Podpiszę dziś pismo do Ministra Spraw Zagranicznych w celu wyjaśnienia, w jaki sposób Piotr Serafin obejmuje funkcję stałego przedstawiciela przy UE z pominięciem normalnego trybu - podał w czwartek PAP b. szef MSZ Szymon Szynkowski vel Sęk (PiS).
„Bezprawne zdejmowanie ambasadora”
Stały Przedstawiciel Polski przy UE Andrzej Sadoś udał się w środę na konsultacje do Warszawy po tym, jak został wezwany na nie przez Ministerstwo Spraw Zagranicznych. W czwartek MSZ podało, że Sadoś został wezwany do kraju i zwolniony z obowiązku świadczenia pracy, a od 13 grudnia 2023 r. Stałym Przedstawicielstwem przy UE w Brukseli kieruje, w randze ministra pełnomocnego, Piotr Serafin.
Szynkowski vel Sęk vel Sęk ocenił w Programie Trzecim Polskiego Radia, że „bezprawne zdejmowania ambasadora” jest „polityczną bandyterką”. Jego zdaniem, „odwoływanie ambasadora na konsultacje to obniżanie rangi relacji”.

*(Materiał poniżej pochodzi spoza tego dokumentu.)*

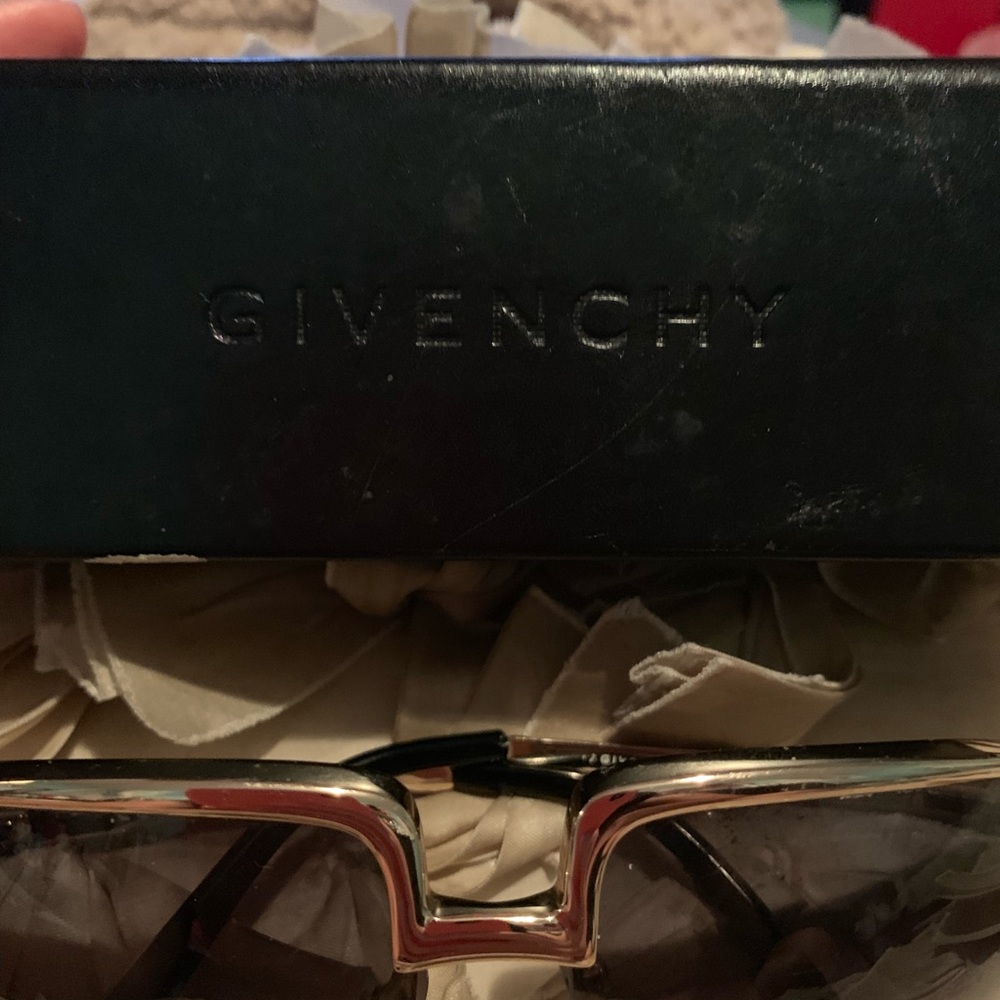 Givenchy sunglasses - Picture 2 of 6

Będę dziś podpisywał pismo, aby wyjaśniono, w jakim trybie Piotr Serafin z pominięciem normalnego trybu, który powinien również uwzględniać zgodę prezydenta, obejmuje funkcję osoby, która ma wykonywać obowiązki stałego przedstawiciela przy UE
— poinformował.
To bardzo zły krok
— ocenił.
Szynkowski vel Sęk w rozmowie z PAP doprecyzował, że pismo to skieruje do ministra spraw zagranicznych i poda do wiadomości ministra ds. Unii Europejskiej.

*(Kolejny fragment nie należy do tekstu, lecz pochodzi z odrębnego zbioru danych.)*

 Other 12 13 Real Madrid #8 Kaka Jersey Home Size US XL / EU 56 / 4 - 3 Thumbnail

„Nic z tego nie zostało wykonane”
Rzecznik MSZ Paweł Wroński poinformował na czwartkowej konferencji prasowej, że minister Radosław Sikorski wcześniej poinformował prezydenta Andrzeja Dudę o ruchu ws. stałego przedstawiciela RP przy UE - „że będzie wnioskował o odwołanie na konsultacje ambasadora (Sadosia), przy czym nie oznacza to odwołania ambasadora”.
Minister Radosław Sikorski powiedział, że zgłosi kandydaturę ministra pełnomocnego Piotra Serafina na stałego przedstawiciela Polski przy UE, czyli tu będzie należała decyzja, w moim domyśle, do prezydenta
— mówił Wroński. Dopytywany, jaka jest zatem obecna sytuacja Sadosia, wyjaśnił, że „został wezwany, jest nadal ambasadorem, tylko nie musi świadczyć pracy”.
CZYTAJ WIĘCEJ: Czystki w dyplomacji? Rzecznik MSZ: Radosław Sikorski uznał, że polskie interesy w UE będą lepiej reprezentowane przez Piotra Serafina
Szynkowski vel Sęk zwrócił uwagę, że „art 39. ustawy o służbie zagranicznej mówi jasno, że wniosek ministra spraw zagranicznych, zaopiniowany przez ministra ds. UE powinien trafić do prezydenta”.
Nic z tego nie zostało wykonane
— dodał.
„To błąd”
Z kolei we wpisie na platformie X, Szynkowski vel Sęk ocenił, że ruch Sikorskiego w trakcie ważnego szczytu w Brukseli jest ruchem, który „będzie trudny do zrozumienia nawet przez europejskich polityków”.
Zgodnie z obowiązującym stanem prawnym nie ma możliwości odwołania Stałego Przedstawiciela RP przy UE bez zgody Prezydenta RP.
Według mojej wiedzy tego rodzaju procedura nie została nawet wszczęta, nie mówiąc o jej skonkludowaniu.
Andrzej Sadoś pozostaje Stałym Przedstawicielem RP przy UE.
Wezwanie ambasadora na konsultacje i obniżenie rangi reprezentacji placówki przy UE w trakcie trwania Szczytu UE-Bałkany Zachodnie i prawdopodobnie w trakcie Rady Europejskiej jest ruchem, który będzie trudny do zrozumienia nawet przez europejskich polityków, w większości sprzyjających Tuskowi, nie mówiąc o korpusie dyplomatycznym. To błąd.